Aplicação dos nove imunizantes obrigatórios não atingiu 90% do público-alvo; índices do município são inferiores às médias nacional e estadual


Por Gabriel Silva, sob supervisão da editora Rafaela Carvalho

04/11/2021 às 07h43

A cobertura vacinal dos principais imunizantes voltados ao público infantil passa pelo momento de pior baixa em Juiz de Fora. Dados do Programa Nacional de Imunizações (PNI) emitidos pelo Datasus mostram que nenhuma das nove vacinas infantis obrigatórias atingiu a meta de 90% do público-alvo em 2019 e 2020 em Juiz de Fora. As taxas de vacinação foram as menores nos dois últimos anos desde o início do monitoramento do Ministério da Saúde (MS) no município, em 1997.

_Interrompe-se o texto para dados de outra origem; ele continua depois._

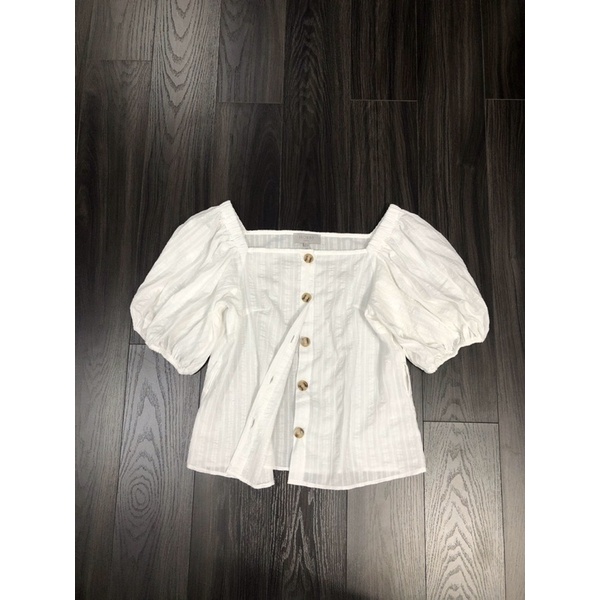 Áo Hobbs tay phồng.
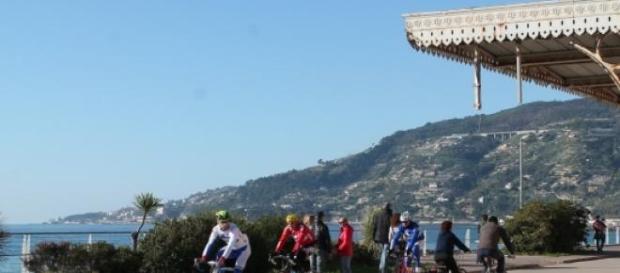 La vecchia stazione di Ospedaletti sulla ciclabile La vecchia stazione di Ospedaletti sulla ciclabile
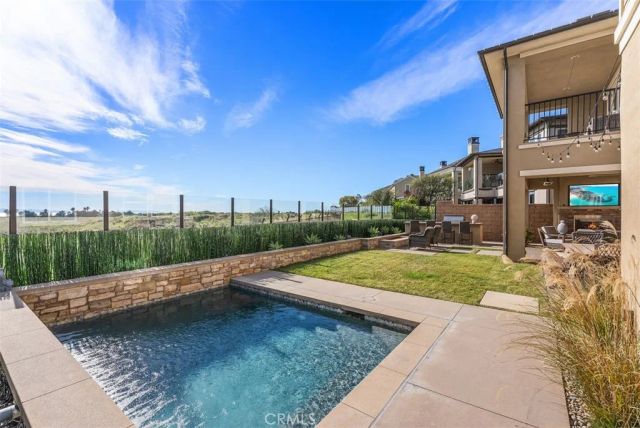 4692 Oceanridge Drive, Huntington Beach, CA 92649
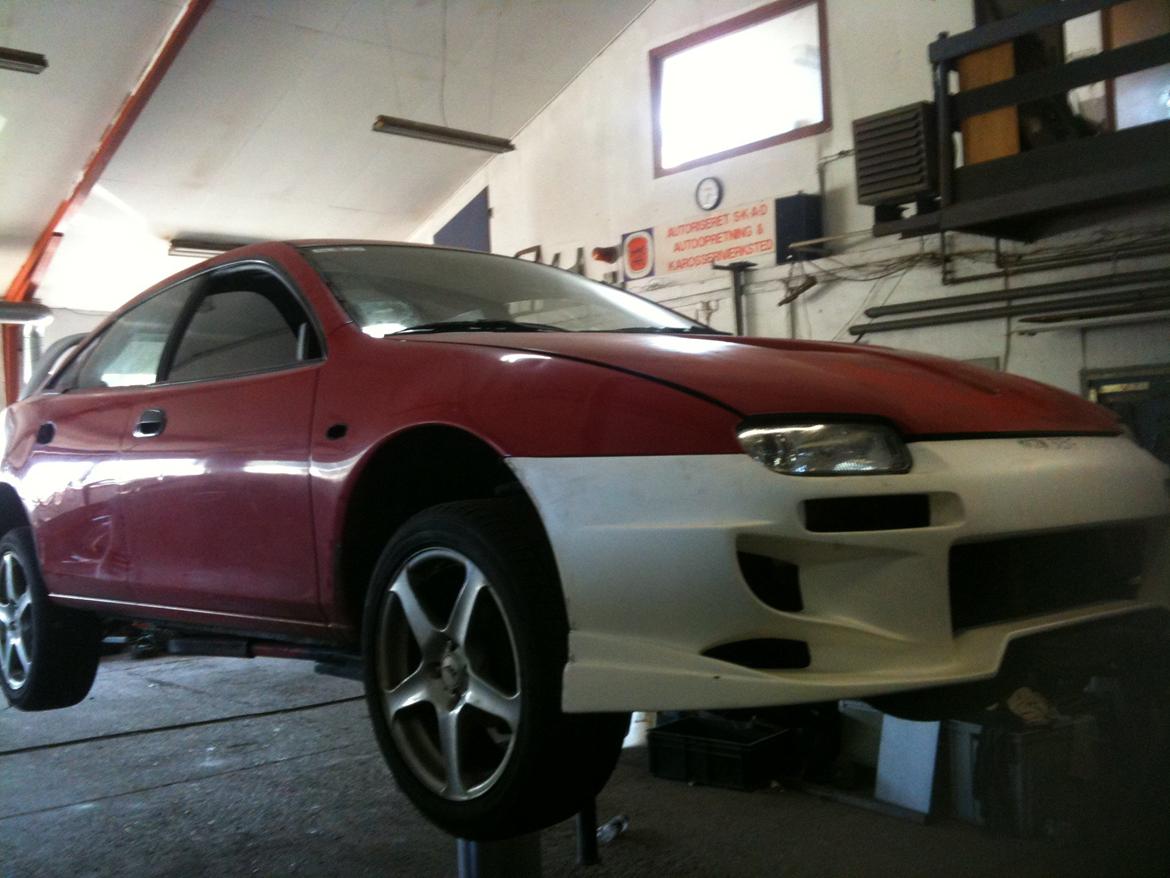 Mazda 323 f ba - under ombygning billede 5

As vacinas obrigatórias para o público infantil, conforme o PNI, são a BCG, a tríplice viral e os imunizantes contra as hepatites A e B, febre amarela e rotavírus, além da meningocócica C (protege contra a meningite C), da pneumocócica (atua contra dez subtipos da bactéria pneumococo) e da pentavalente (protege contra hepatite B, coqueluche, tétano, difteria e bactéria Haemophilus tipo B). Em 2019 e em 2020, todos os nove imunizantes atingiram menos de 70% de cobertura vacinal do público-alvo em Juiz de Fora.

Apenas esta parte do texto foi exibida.